REQUIRED WORK - From the material below, retype exactly the lines that begin at the line with "MA'RY'YA Черный шерстяной" and end after the line with "Shop Canada Goose"; pictures stay out of the copy.
++++ EXCERPTED DATA
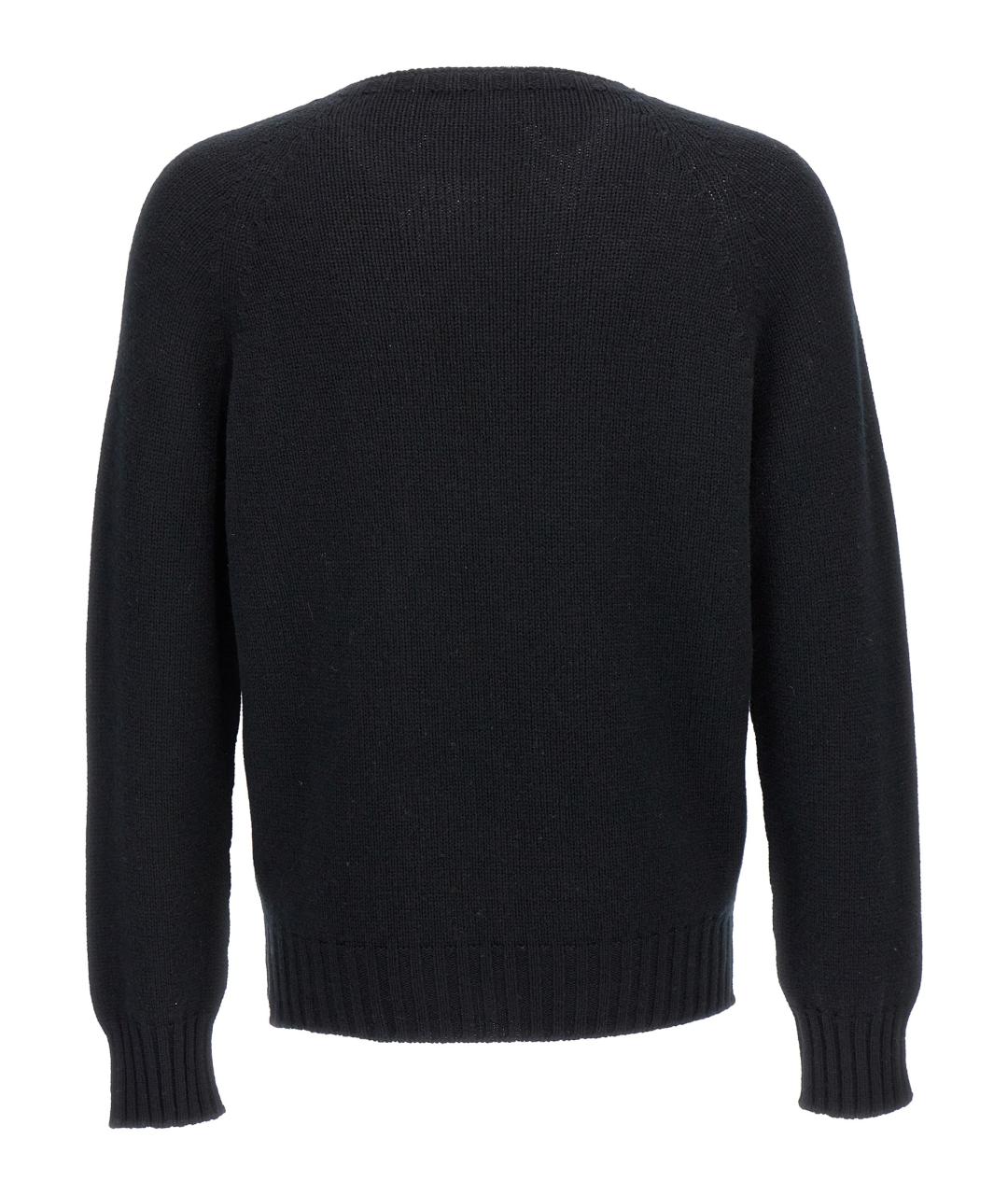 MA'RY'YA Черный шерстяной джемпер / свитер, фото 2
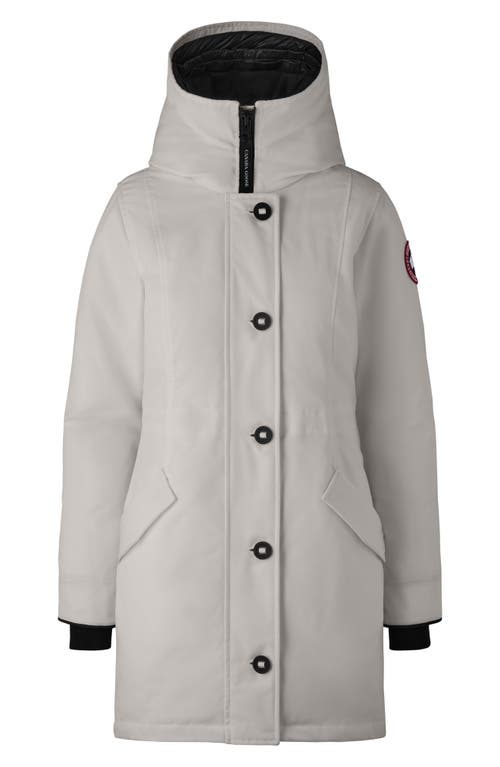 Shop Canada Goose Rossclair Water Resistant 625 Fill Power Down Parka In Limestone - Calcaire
++++++++
++++ EXCERPTED DATA
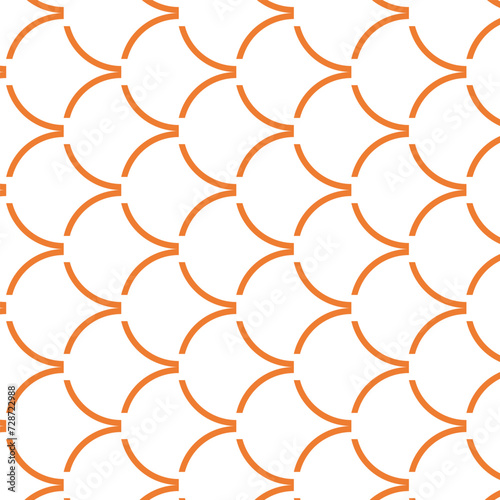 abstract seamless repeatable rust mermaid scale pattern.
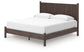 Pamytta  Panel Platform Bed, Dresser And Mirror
++++++++
RESPONSE TO THIS EXERCISE -
 MA'RY'YA Черный шерстяной джемпер / свитер, фото 2
 Shop Canada Goose Rossclair Water Resistant 625 Fill Power Down Parka In Limestone - Calcaire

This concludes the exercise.